▶ **Work item**
Beginning with the line that holds "Mug Christmas Glow 300ml - White" and ending with the last line below, please copy every line exactly, add nothing, and leave out the pictures.

(Records excerpted from a collection)
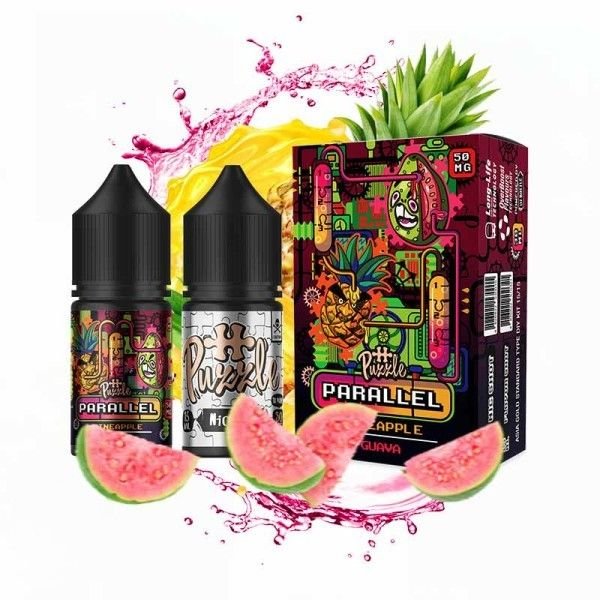 In Bottle Parallel Pineapple Guava 30мл (Ананас Гуава) | Набор для самозaмеса (солевой никотин)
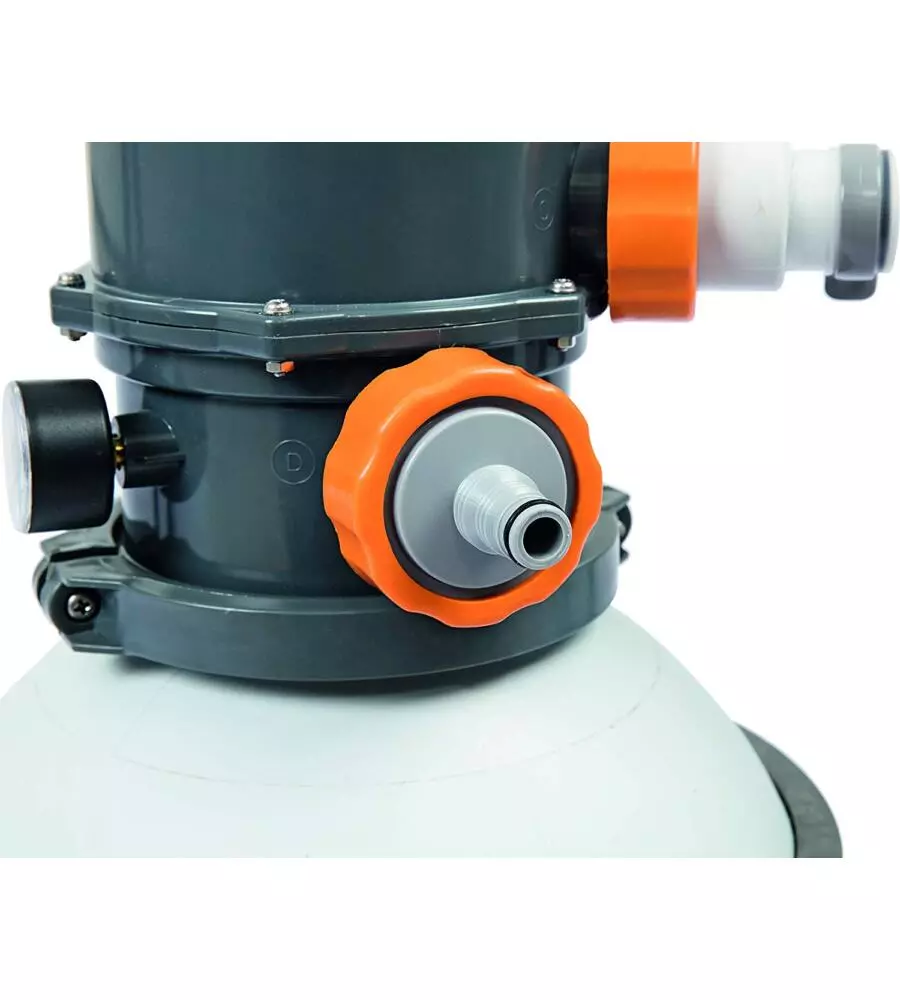 POMPA DI FILTRAGGIO A SABBIA BESTWAY "FLOWCLEAR" PER PISCINE DA  3.028 LITRI/ORA  - COD. 58515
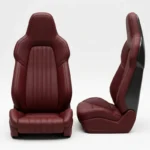 Cuir de Vachette Italien – « Carrozzeria Bordeaux » – Image 11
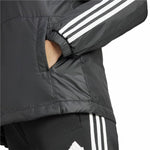 Sportjacke für Frauen Adidas Essentials Schwarz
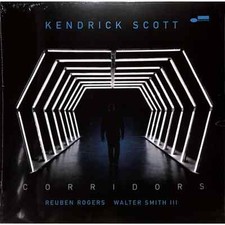 KENDRICK SCOTT - CORRIDORS 1LP (PREORDER FOR RELEASE DATE 03/03/2023) - image 1
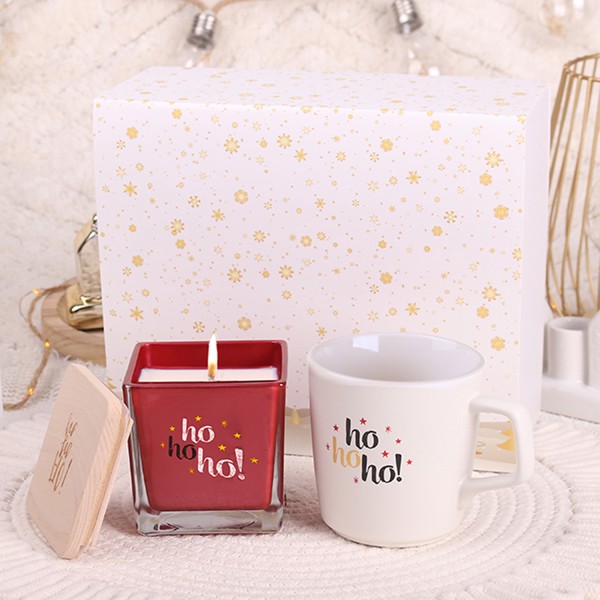 Mug Christmas Glow 300ml - White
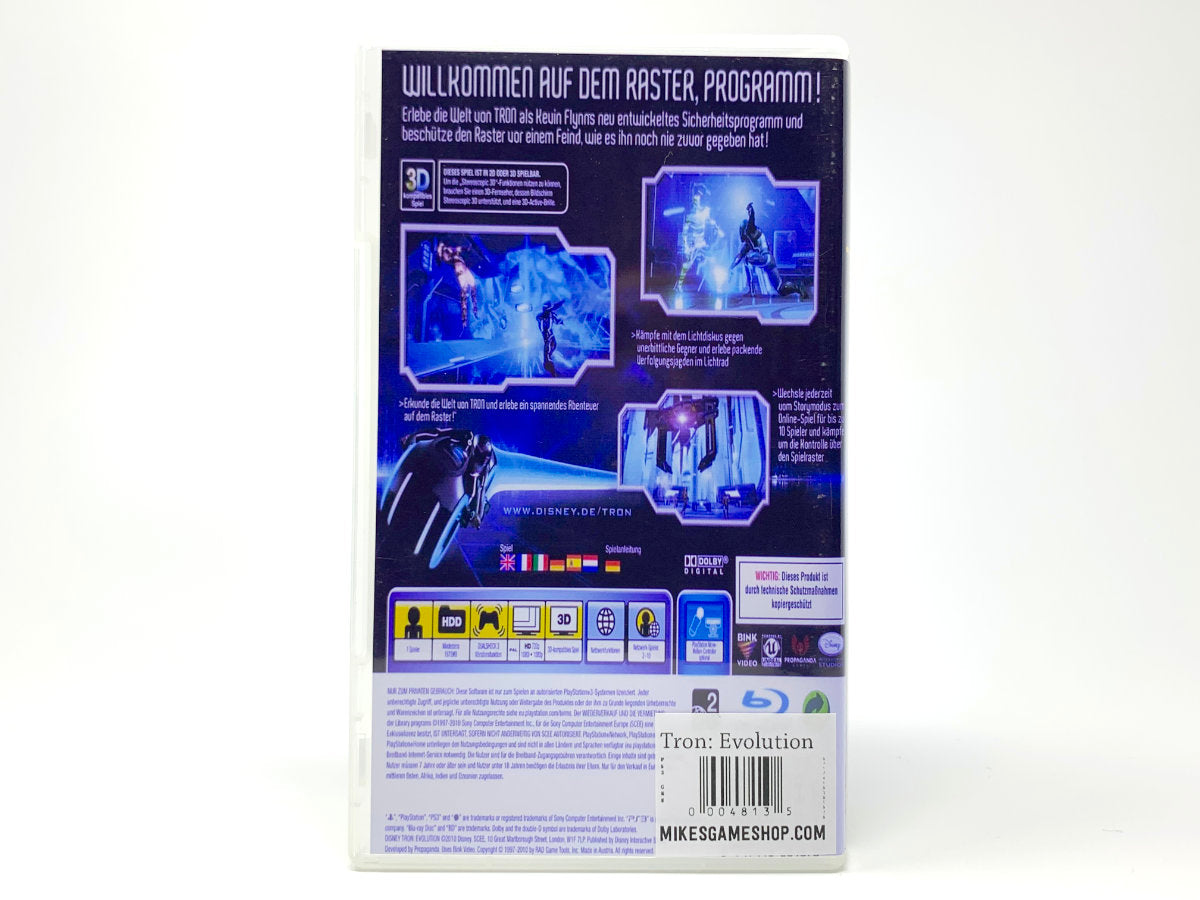 Tron: Evolution • PSP (See Notes)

▶ **Answer space**
 Mug Christmas Glow 300ml - White
 Tron: Evolution • PSP (See Notes)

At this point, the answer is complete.